──────── DATA TO USE
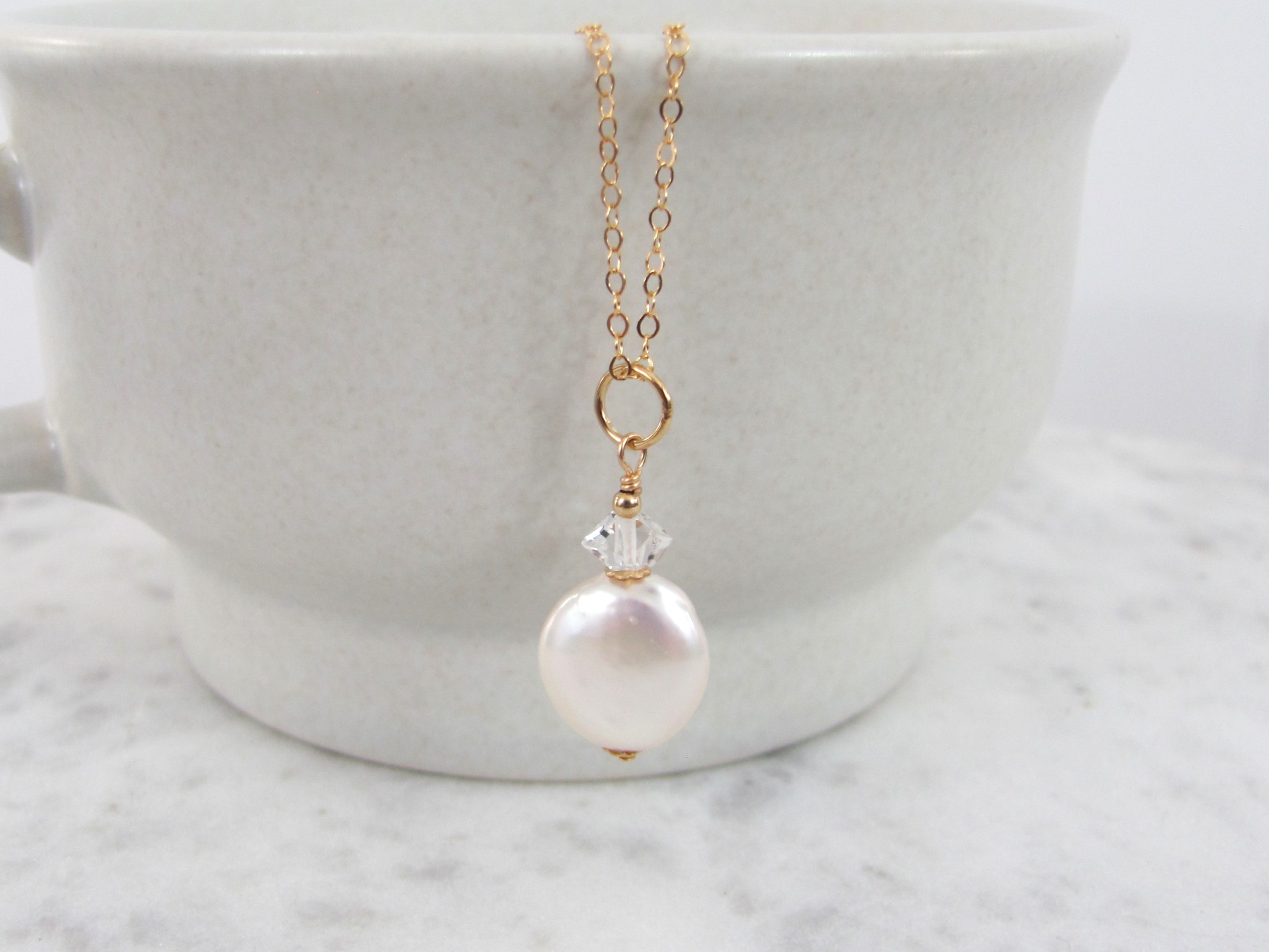 Coin Pearl Necklace with Birthstone
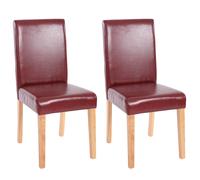 Lot de 2 chaises de séjour Littau simili-cuir, brun rouge, pieds clairs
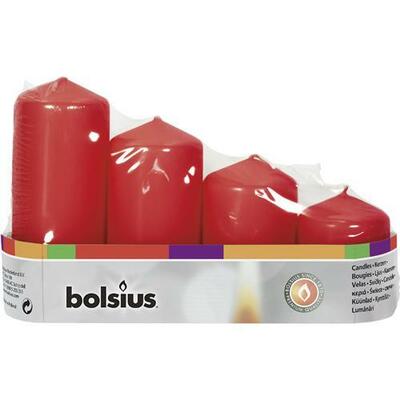 Svícky Bolsius Pillar Advent, červené, 48 mm 60/80/100/120 mm bal. 4 ks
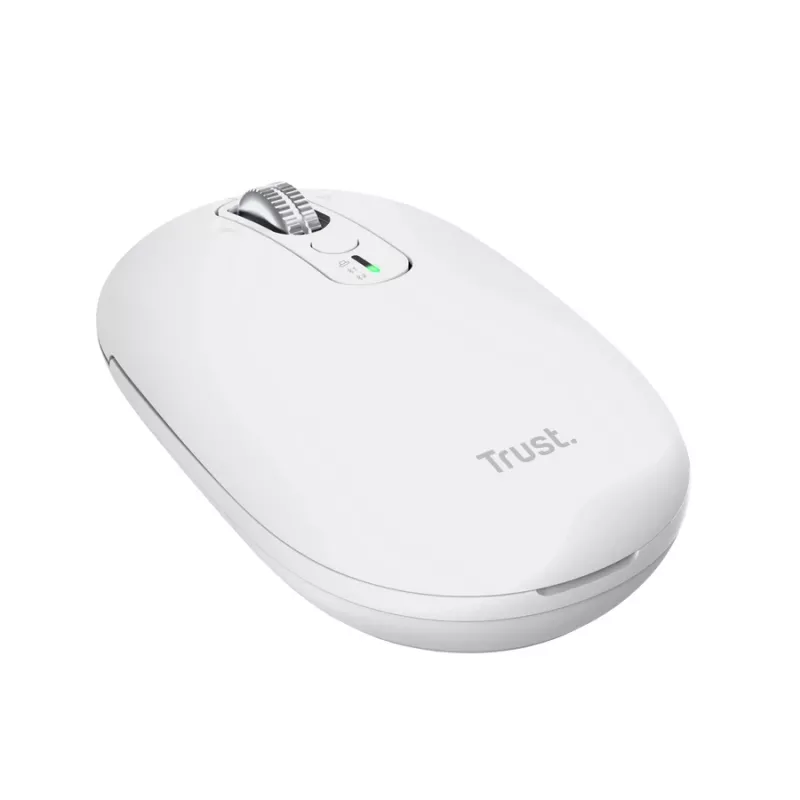 Mouse da ufficio wireless TRUST Seron sottile Multi – ambidestro, RF + Bluetooth, ottico 3200 DPI, 7 tasti, bianco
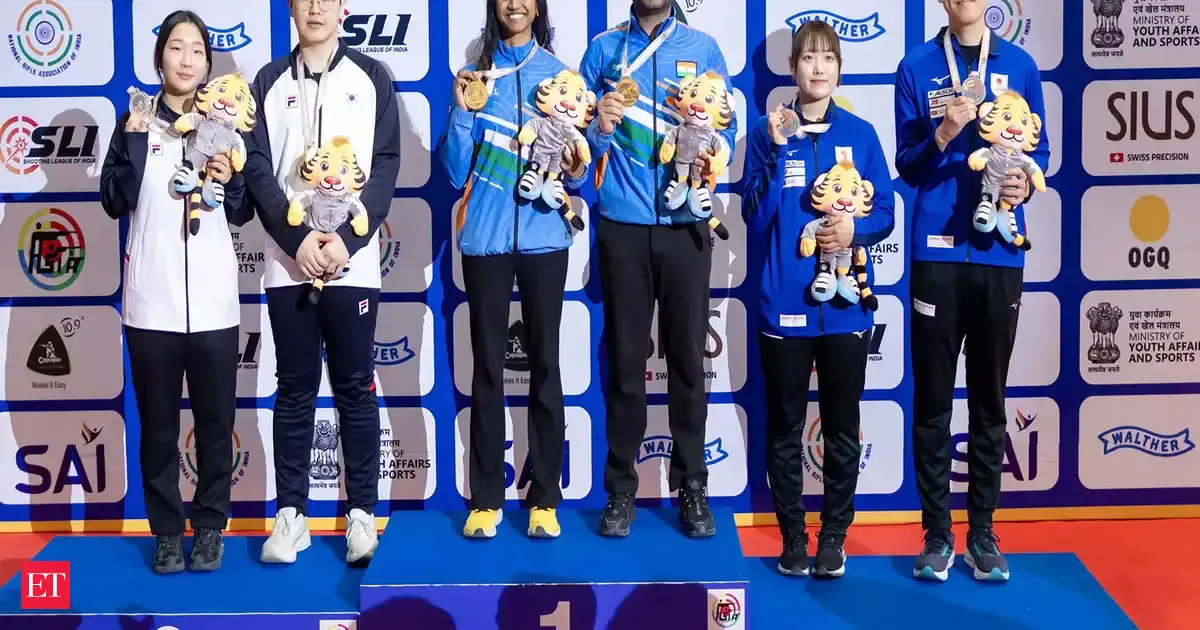 Elavenil and Arjun win mixed team air rifle gold as India crosses 50 medal mark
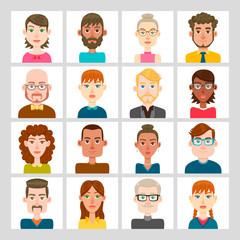 16 male and female avatar set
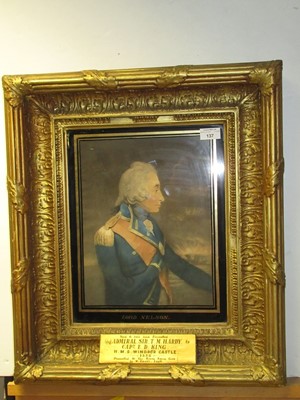 Lot 137 - A HAND-COLOURED MEZZOTINT OF LORD NELSON UNDERSTOOD TO HAVE BEEN PRESENTED BY ADMIRAL SIR T.M. HARDY TO E.D. KING, CIRCA 1826 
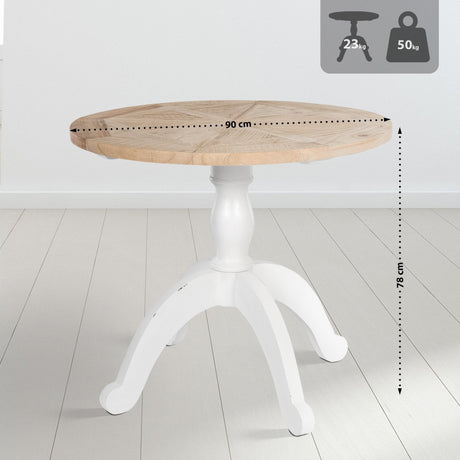 Ronde eettafel van massief hout in naturel en wit, 90 cm, landhuisstijl, foto 2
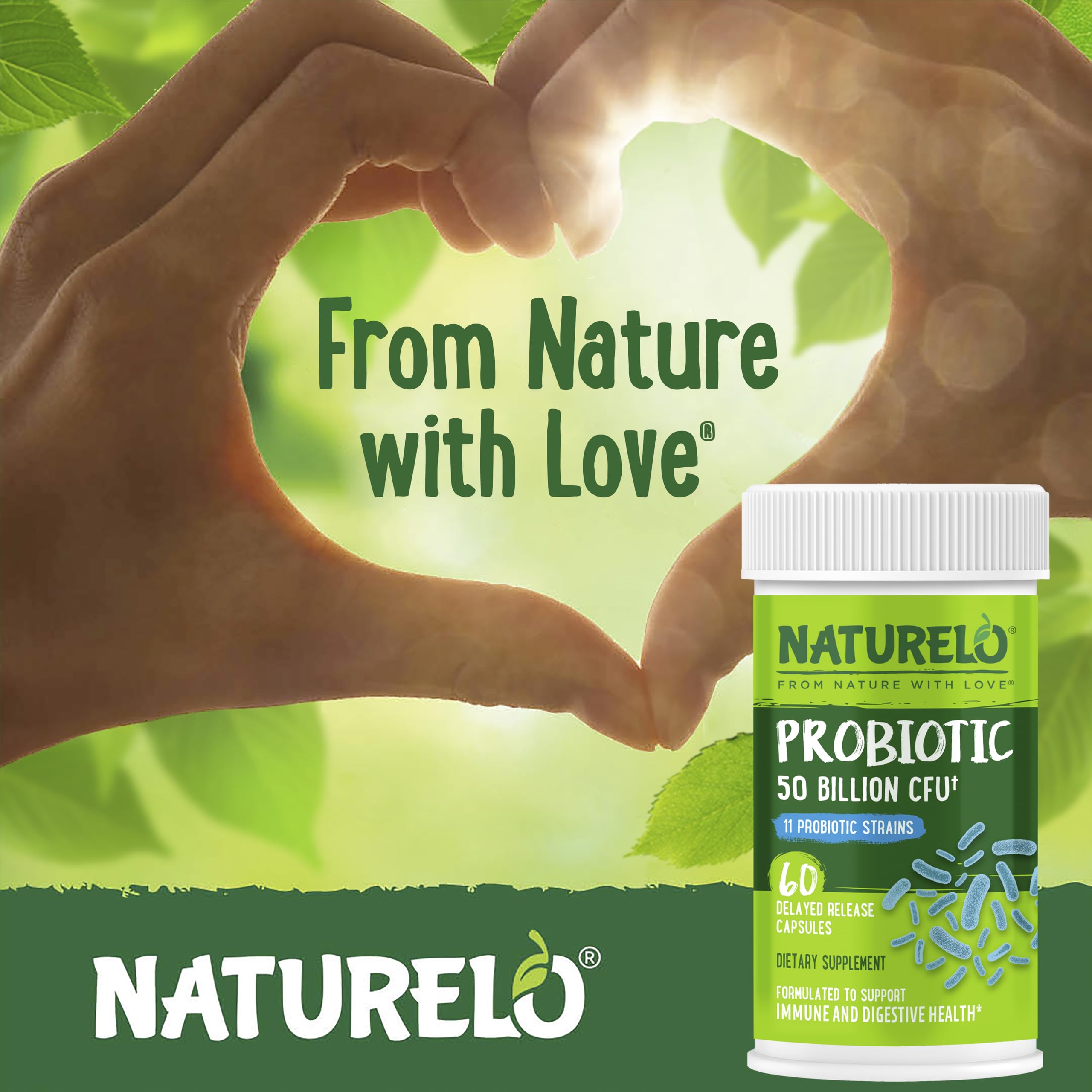 NATURELO Probiotic Capsules back view with ingredient list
────────────────
• EXERCISE: The answer should match the data above word for word, with no pictures in it.

• YOUR RESPONSE:
 Coin Pearl Necklace with Birthstone
 Lot de 2 chaises de séjour Littau simili-cuir, brun rouge, pieds clairs
 Svícky Bolsius Pillar Advent, červené, 48 mm 60/80/100/120 mm bal. 4 ks
 Mouse da ufficio wireless TRUST Seron sottile Multi – ambidestro, RF + Bluetooth, ottico 3200 DPI, 7 tasti, bianco
 Elavenil and Arjun win mixed team air rifle gold as India crosses 50 medal mark
 16 male and female avatar set
 Lot 137 - A HAND-COLOURED MEZZOTINT OF LORD NELSON UNDERSTOOD TO HAVE BEEN PRESENTED BY ADMIRAL SIR T.M. HARDY TO E.D. KING, CIRCA 1826 
 Ronde eettafel van massief hout in naturel en wit, 90 cm, landhuisstijl, foto 2
 NATURELO Probiotic Capsules back view with ingredient list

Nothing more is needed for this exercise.